Cependant, indubitablement le mot d’ordre « bloquons tout » peine encore à se traduire dans les faits. La mobilisation reste embryonnaire et très localisée dans le Sud et le Centre, zones favorables à l’opposition. Dans l’Ouest, fief de Laurent Gbagbo, la situation demeure pour l’instant calme. La porte-parole du PPA-CI, Habiba Touré, a promis la poursuite des actions de terrain, avec des manifestations quotidiennes et la préparation d’une grande marche nationale. L’annonce de cette nouvelle marche, alors que celle du 11 octobre n’a pas transformé l’essai, souligne le manque de stratégie d’une opposition qui semble avancer à tâtons.

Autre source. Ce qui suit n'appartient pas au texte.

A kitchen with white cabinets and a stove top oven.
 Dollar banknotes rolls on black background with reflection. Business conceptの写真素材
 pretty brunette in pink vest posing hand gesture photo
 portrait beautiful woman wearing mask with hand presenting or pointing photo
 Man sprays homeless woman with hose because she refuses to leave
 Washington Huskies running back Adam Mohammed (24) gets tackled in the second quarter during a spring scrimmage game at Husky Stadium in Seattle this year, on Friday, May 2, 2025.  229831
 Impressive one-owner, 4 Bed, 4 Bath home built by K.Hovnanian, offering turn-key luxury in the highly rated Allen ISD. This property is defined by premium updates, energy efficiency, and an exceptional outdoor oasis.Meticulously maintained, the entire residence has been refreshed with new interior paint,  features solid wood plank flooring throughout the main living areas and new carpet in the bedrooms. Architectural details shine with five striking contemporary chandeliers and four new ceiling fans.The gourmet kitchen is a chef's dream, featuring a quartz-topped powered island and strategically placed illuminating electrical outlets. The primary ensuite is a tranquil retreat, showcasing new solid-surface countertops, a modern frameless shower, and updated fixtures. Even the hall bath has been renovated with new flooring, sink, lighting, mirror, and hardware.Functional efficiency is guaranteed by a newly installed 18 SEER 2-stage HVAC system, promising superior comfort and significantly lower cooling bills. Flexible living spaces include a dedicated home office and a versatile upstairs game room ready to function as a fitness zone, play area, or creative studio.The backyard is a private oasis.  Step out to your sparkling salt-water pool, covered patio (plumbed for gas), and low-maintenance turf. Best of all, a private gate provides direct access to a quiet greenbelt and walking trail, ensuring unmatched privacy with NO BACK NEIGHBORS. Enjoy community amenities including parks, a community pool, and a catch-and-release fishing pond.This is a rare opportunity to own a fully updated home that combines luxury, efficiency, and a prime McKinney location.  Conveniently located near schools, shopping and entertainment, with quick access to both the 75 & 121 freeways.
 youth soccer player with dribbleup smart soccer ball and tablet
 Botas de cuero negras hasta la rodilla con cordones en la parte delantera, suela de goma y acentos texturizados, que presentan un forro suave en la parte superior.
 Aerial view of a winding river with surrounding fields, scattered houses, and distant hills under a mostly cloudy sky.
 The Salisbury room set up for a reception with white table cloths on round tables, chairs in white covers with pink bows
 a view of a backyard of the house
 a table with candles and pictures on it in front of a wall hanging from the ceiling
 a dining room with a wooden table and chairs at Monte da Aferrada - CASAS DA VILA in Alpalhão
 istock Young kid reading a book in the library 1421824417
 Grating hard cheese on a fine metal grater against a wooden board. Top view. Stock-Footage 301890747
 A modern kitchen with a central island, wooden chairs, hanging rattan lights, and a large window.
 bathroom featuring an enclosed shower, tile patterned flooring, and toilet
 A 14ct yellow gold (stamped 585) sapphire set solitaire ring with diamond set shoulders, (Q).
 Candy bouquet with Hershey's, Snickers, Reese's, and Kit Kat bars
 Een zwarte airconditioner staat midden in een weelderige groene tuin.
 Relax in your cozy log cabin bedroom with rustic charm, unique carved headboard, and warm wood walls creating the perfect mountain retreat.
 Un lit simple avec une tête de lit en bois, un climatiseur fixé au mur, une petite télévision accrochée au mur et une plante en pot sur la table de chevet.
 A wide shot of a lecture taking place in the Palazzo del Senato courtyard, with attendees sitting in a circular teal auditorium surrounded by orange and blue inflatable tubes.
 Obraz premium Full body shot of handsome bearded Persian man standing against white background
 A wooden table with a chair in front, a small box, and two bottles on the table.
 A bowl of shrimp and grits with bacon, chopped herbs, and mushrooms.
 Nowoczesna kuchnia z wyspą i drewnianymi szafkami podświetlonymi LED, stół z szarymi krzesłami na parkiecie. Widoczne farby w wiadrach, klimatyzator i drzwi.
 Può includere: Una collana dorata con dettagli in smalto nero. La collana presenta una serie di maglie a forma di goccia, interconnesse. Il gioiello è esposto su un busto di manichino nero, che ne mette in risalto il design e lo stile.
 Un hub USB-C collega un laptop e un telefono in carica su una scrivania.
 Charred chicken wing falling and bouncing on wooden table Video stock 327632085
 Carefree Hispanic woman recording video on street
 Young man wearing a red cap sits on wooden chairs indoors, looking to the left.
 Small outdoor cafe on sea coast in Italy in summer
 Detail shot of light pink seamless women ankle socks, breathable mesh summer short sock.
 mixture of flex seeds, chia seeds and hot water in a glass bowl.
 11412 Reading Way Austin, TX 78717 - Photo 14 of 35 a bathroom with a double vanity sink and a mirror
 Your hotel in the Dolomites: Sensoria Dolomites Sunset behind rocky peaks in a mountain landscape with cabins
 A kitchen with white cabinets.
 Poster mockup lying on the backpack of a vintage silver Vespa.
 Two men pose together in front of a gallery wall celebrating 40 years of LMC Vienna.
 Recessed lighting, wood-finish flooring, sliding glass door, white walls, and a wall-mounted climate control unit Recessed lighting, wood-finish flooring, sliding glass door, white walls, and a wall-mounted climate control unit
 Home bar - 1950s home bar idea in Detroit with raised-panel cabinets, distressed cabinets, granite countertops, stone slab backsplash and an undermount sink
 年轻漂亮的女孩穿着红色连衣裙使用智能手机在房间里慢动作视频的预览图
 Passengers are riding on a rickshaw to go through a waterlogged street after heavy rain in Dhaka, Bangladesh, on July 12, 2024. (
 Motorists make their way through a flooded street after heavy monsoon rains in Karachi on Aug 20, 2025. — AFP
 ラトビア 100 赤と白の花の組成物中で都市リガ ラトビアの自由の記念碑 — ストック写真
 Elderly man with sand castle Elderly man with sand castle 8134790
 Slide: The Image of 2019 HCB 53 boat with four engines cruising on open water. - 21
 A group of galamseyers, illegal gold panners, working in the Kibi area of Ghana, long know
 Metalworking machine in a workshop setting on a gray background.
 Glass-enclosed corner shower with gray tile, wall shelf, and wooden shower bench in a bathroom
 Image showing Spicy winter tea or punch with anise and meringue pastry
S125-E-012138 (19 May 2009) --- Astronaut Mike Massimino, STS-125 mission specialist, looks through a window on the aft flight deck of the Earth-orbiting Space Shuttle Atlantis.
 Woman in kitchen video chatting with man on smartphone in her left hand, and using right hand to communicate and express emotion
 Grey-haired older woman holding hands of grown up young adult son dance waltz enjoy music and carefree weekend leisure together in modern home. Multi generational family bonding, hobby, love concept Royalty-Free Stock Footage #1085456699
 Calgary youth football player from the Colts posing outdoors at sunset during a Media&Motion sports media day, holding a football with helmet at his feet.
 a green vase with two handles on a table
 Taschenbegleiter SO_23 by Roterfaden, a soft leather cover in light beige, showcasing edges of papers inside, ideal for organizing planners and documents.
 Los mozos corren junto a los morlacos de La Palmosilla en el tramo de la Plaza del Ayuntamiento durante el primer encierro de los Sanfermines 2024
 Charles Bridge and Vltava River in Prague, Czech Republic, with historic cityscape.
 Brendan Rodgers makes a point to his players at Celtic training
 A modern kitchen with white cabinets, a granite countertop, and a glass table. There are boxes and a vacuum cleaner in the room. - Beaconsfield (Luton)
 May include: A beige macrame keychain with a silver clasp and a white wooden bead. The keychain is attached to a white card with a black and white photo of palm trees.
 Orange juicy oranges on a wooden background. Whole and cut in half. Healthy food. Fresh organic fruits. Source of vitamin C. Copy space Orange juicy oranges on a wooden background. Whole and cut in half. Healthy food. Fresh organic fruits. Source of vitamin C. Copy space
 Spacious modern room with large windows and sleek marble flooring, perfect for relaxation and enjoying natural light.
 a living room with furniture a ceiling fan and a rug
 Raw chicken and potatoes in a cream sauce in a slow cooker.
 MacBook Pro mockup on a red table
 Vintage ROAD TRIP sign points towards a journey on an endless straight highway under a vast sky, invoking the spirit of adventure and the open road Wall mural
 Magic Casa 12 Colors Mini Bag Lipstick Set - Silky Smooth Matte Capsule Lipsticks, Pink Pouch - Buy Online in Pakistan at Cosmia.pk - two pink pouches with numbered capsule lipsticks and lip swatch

L’absence de leaders visibles dans les marches et leur silence suscitent incompréhension et critiques. Ainsi, il a fallu attendre 48 heures pour que Tidjane Thiam, président du PDCI, réagisse timidement aux arrestations musclées de ses militants et à l’attaque par les FDS du portail du domicile de son vice-président, Noël Akossi Bendjo. Si le mutisme de Laurent Gbagbo peut se comprendre face à la répression qui s’abat sur les dirigeants de l’opposition, la lenteur de la réaction de Tidjane Thiam, installé à Paris, a été largement critiquée, y compris au sein de son propre parti.

L’optimisme du pouvoir

Pour autant, le pouvoir ne crie pas victoire. Dans les coulisses, il se raconte qu’Alassane Ouattara a été furieux que son premier meeting à Daloa, le 11 octobre, soit passé sous silence, tous les regards étant braqués sur la manifestation d’Abidjan. Et si  son équipe de campagne affiche un optimisme de circonstance en proclamant une victoire au premier tour avec plus de 80 % des voix, le gouvernement semble quelque peu décontenancé par les foyers de révolte dans le pays, malgré leur faible ampleur.

Lors de l’élection présidentielle de 2020 — qui a fait 85 morts dans les rangs de l’opposition — c’est l’intérieur du pays qui s’était soulevé. Preuve de ce trouble. ans une démarche inédite, le patron de la gendarmerie, le général Apalo Touré, s’est rendu à Akoupé, une ville où des jeunes se sont soulevés pour tancer les chefs de village.